**Supplied data**
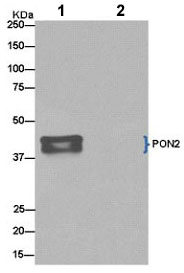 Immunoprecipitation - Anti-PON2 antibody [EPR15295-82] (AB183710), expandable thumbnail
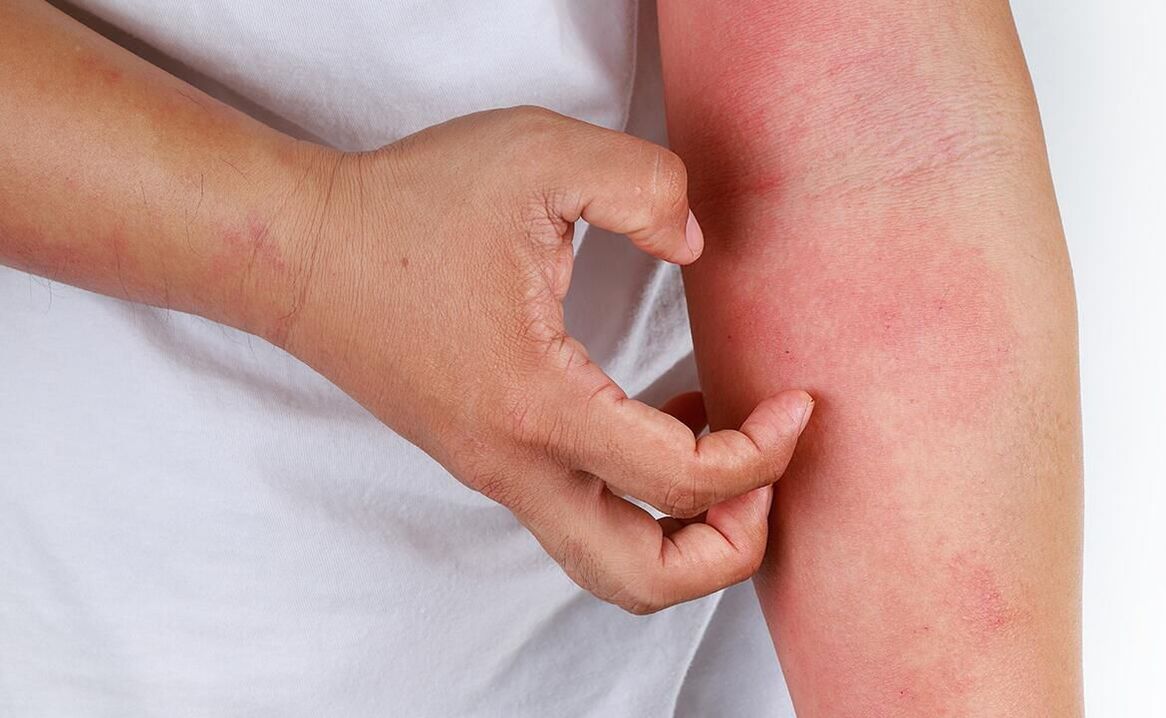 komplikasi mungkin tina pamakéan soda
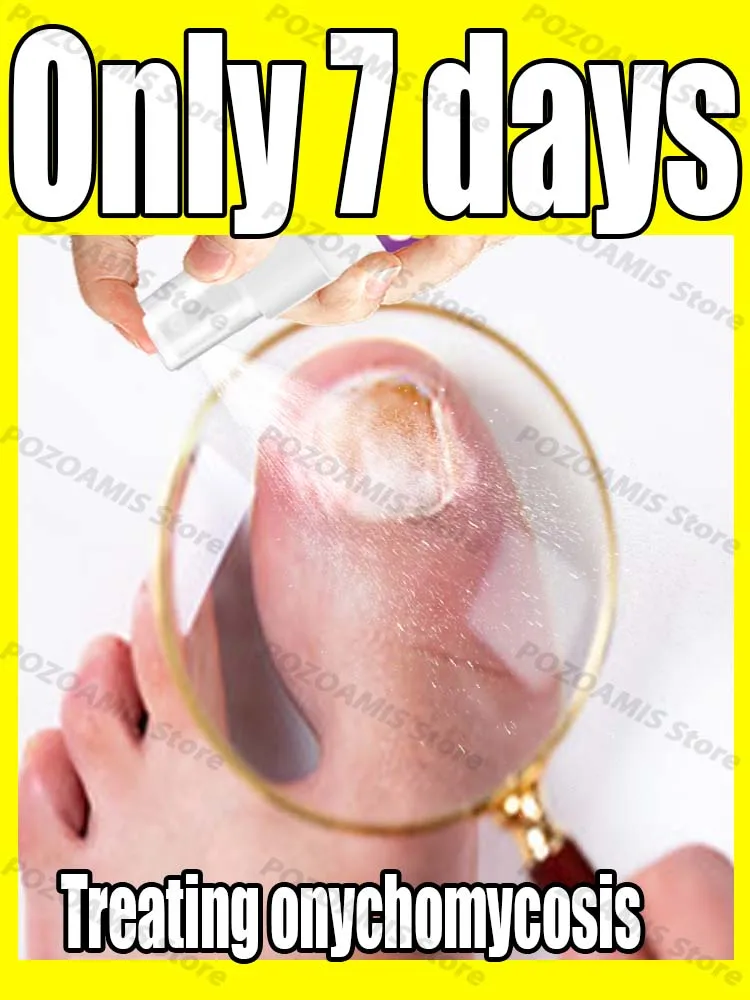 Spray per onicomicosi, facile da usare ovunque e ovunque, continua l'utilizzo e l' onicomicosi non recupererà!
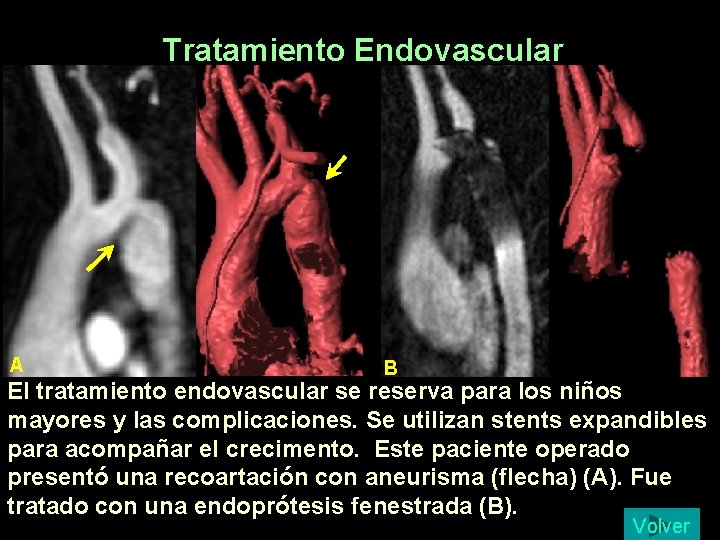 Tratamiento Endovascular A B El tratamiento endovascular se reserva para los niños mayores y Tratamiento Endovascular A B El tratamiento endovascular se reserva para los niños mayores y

**Task directions**
Every line above is to be written out unchanged, with the pictures omitted.

**The completed task**
 Immunoprecipitation - Anti-PON2 antibody [EPR15295-82] (AB183710), expandable thumbnail
 komplikasi mungkin tina pamakéan soda
 Spray per onicomicosi, facile da usare ovunque e ovunque, continua l'utilizzo e l' onicomicosi non recupererà!
 Tratamiento Endovascular A B El tratamiento endovascular se reserva para los niños mayores y Tratamiento Endovascular A B El tratamiento endovascular se reserva para los niños mayores y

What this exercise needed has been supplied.